故人你来自年月深渊
2021-03-28贺朗年
贺朗年
似是故人来
真是抱歉,每次听到《似是故人来》总想起K姐。
这首歌貌似已经很古老了。老到只有像我这样有一颗老灵魂的女青年才会记得它。可是记得又怎样呢,当年在舞台上妖娆百变唱着它的梅艳芳已故去多年,在周启生的某首怀念上世纪黄金八零年代的歌中她也不过就占了一句“dear my Anita”。当年写下这首歌的罗先生十年前在芒果台导师席上的表现我不太喜欢,可是后来有次坐车看到路边一闪而过的他演唱会的海报,那上面的“当年离家的年轻人”几个字又让我顿觉一切尽可原谅。
那天我在暴风雨中截到一辆红色的士,上车后电台就开始播放这首《似是故人来》。我和司机大叔在就前面某路口应左转弯还是U turn激烈探讨几分钟后,司机大叔在“十年后双双,万年后对对,只恨看不到”的悲叹中友好地结束战斗:“姑娘,我刚学开车的时候你还是个少女。”
我友好地答:“叔叔,我現在还是少女。”
话出口忽觉K姐附体。
一头鸡屎
第一次听真人献唱《似是故人来》要多谢K姐。
那时刚进公司约半年,有个周五加班累到半死跟着部主任去喝酒,一进去酒吧就听到一把沙哑女声在低低唱:“同是过路,同做过梦,本应是一对,人在少年,梦中不觉,醒后要归去。”
歌手短发着低胸衫,拎一支咪,在台上青灰光束里,生无可恋地,沉吟地唱。我有点被惊到,扯部主任衣袖:“像K姐啊。”
原谅我自幼脸盲,在无数次获赠白眼后已学懂犹疑不决方是至大美德。
部主任痛心一笑:“像什么像,就是。”
在那之前,我看到与K姐同名的作者发在某女性杂志上一篇爱情小说,很惊奇,乐颠颠捧去跟部主任讨论。部主任一脸少见多怪:“你小看她?倒退10年她可是本城有名的少女作家。”
我哪敢小看她,我只是觉得这个女人好好笑。
好笑是因为这个女人情商极低,这在她那篇爱得很含蓄的小说里完全没有影子。小说里的K姐通晓一百种人情世故以及男欢女爱的一万种微妙心理,现实中的K姐却是个在父母威逼下频频相亲的接近大龄感情空白女青年,晚间到酒吧去唱歌也只因为老板是她死党她却不过情面。情商又低到何种程度呢?比如她跟你明明不熟,却可以直接在你面前说:“你今天这件衣服好丑。”她所在部门有个名牌大学毕业的年轻姑娘染了个乱七八糟的黄头发,她笑得浑身簌簌发抖,用一口铿锵白话以及大得确保那姑娘能听到的音量说:“一头鸡屎。”
她很傲娇,那些卖相差的人,她一般不爱搭理。
求总秘女士心理阴影面积
后来我调岗到K姐所在部门,很快和她打得火热。但她对我也毫不留情,比如我身高一六三,在普通女青年当中也算过得去了,她却仗着自己一七零的个子敢喊我“矮冬瓜”。我一度对此颇为不爽,直到后来亲眼看见她相亲的一名“矮冬瓜”男青年其实也接近一八零,才对加诸我身的这一称谓彻底不介意。
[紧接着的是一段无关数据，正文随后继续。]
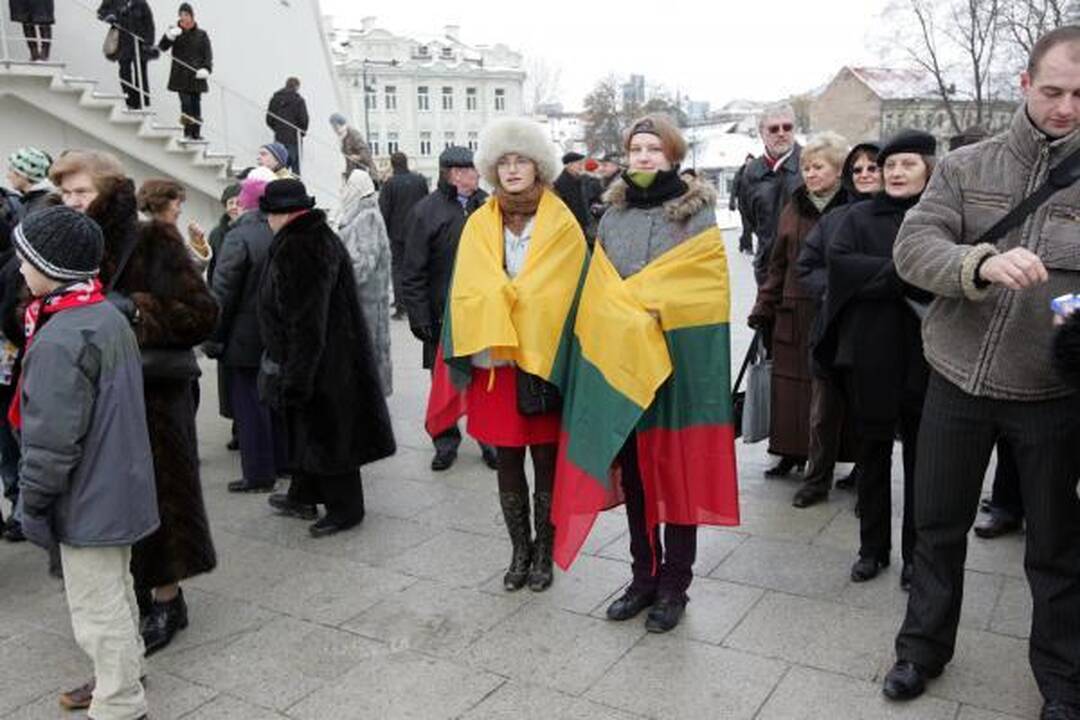Pirmąją naujų metų dieną Gedimino kalne suplevėsavo 2010 metų trispalvė 
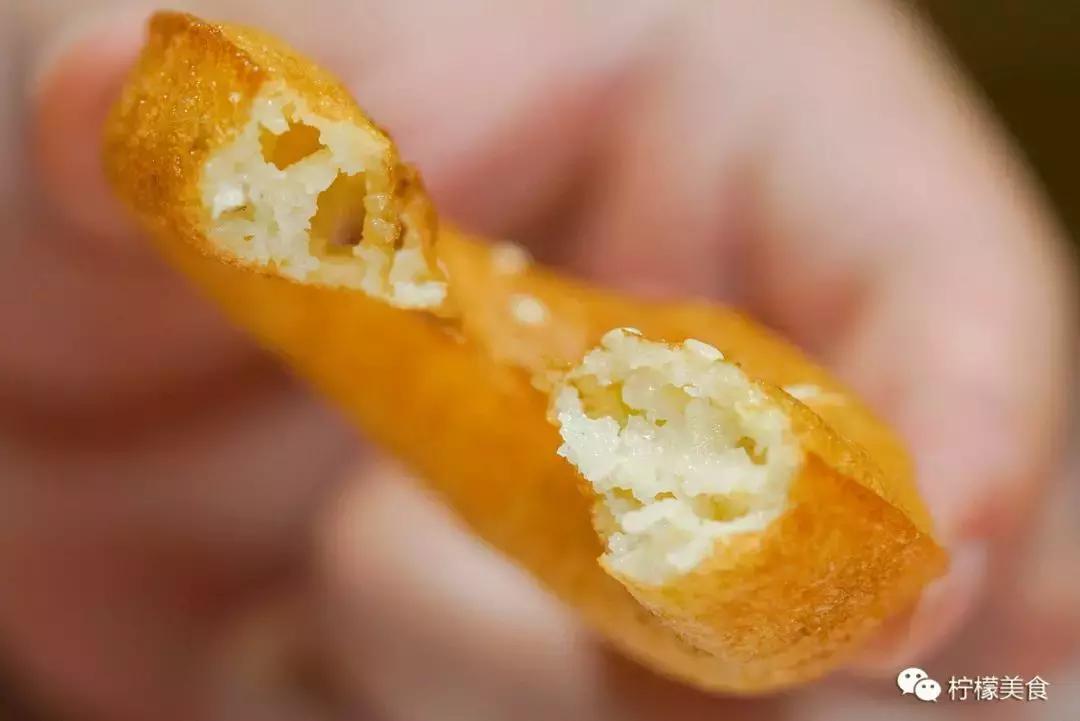 这家店很“丑”,还有一碗脏脏面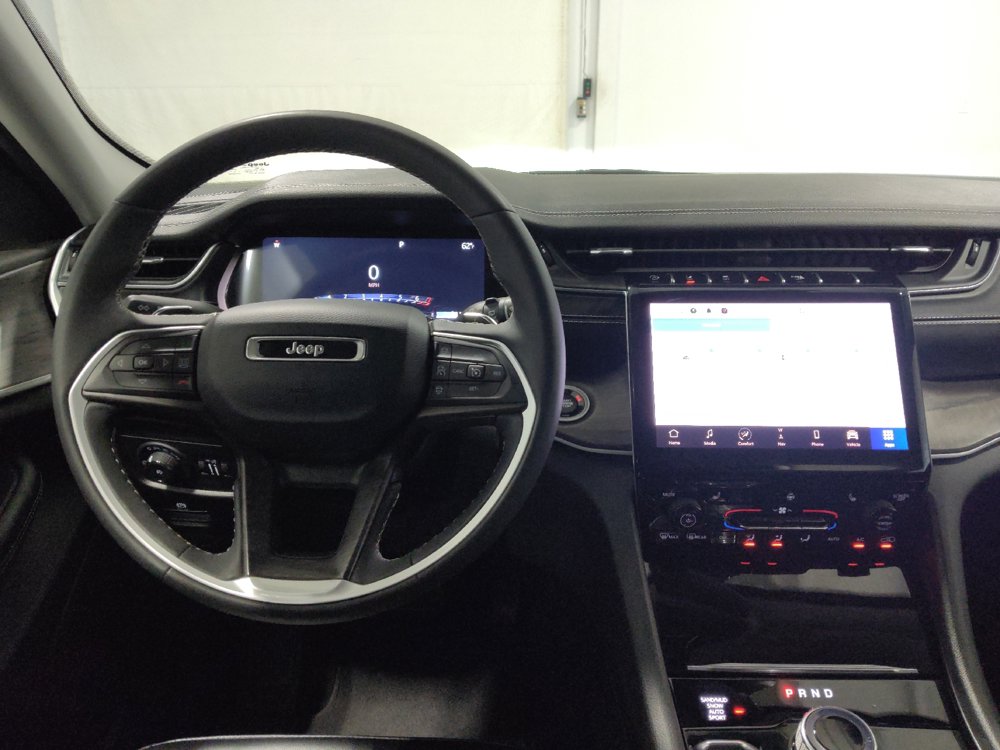 Used 2023 Jeep Grand Cherokee Limited AWD/4WD image 22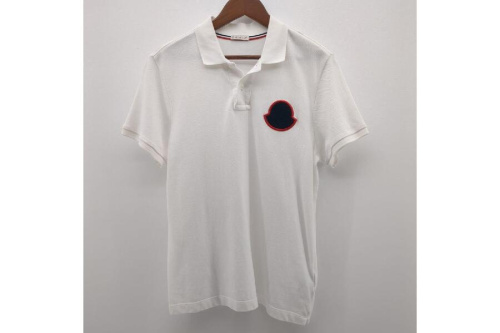 ファッションのポロシャツ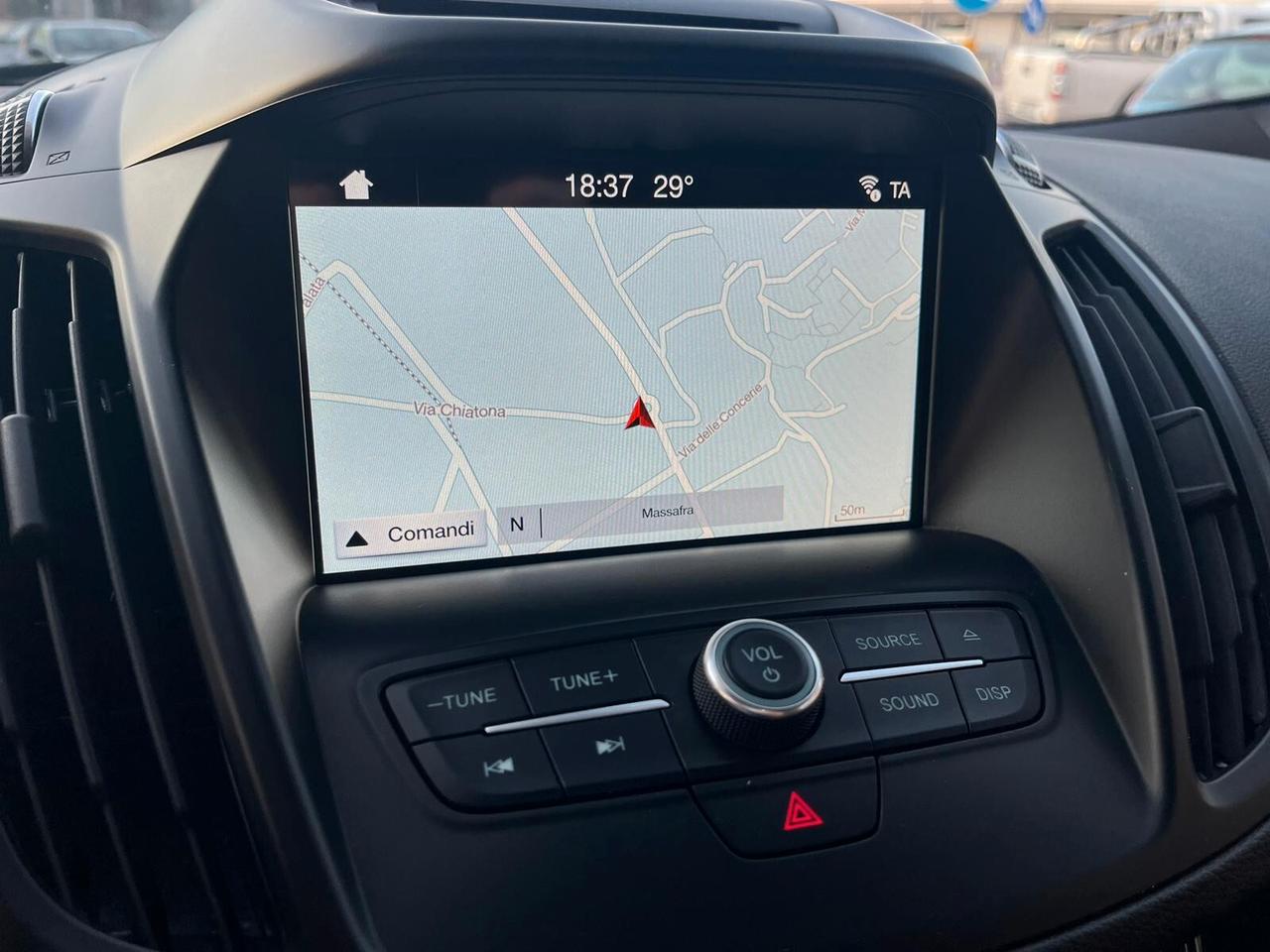 Ford Kuga 1.5 TDCI 120 CV 2WD ST-Line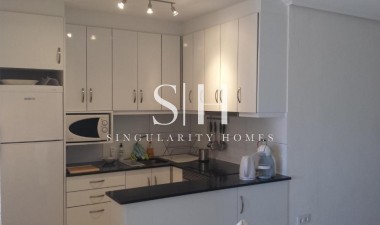 Återförsäljning - Bungalow - Torrevieja - La Mata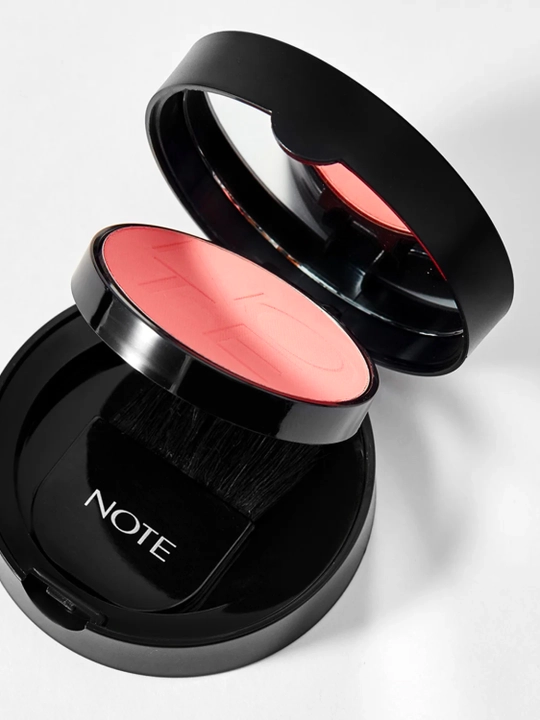 NOTE Luminous Silk Compact Blusher rumyana 02 Pink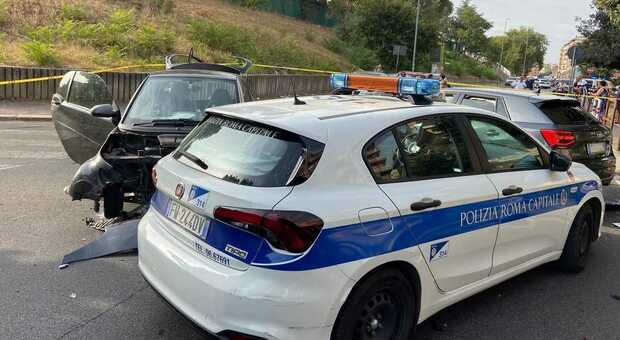 Roma, incidente tra due auto: morta una donna di 34 anni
有段时间我跟K姐和一男同事共用一间小旧办公室,我跟男同事对面桌,中间隔着我和他的电脑。那男同事后来供职于一家著名机构,有次见面吃饭突然问我:“妹妹,以前你总拿个快递信封挡在我俩中间,是特别讨厌我吧?”
必须承认,男同事还是有些眼力劲的。
不过男同事眼力再好也不如K姐。比如公司的总秘是名校硕士,K姐却不怎么看得上她。有次总秘再次眷恋地叨叨当年名校生涯的各种美好,K姐突然翻白眼说:“废话了这么多年,我怎没看你干出过一单配得上你那名校的漂亮活儿?”
但其实她俩关系又不错,经常勾肩搭背去逛街。女人相爱相杀的极致是有次总秘忙里偷闲到我们办公室来聊天,聊到罗湖的虾和蛇口的虾哪个更贵的时候,俩人开始大声起来,然后越说越激动,K姐飞身扑过去就要掐总秘的脖子。温文尔雅的总秘显然被吓呆了,好在当时一直被我和K姐漠视的男同事奋勇扑过来将俩人分开——那是我第一次看见两个女人厮打,不,主要是K姐想打人家。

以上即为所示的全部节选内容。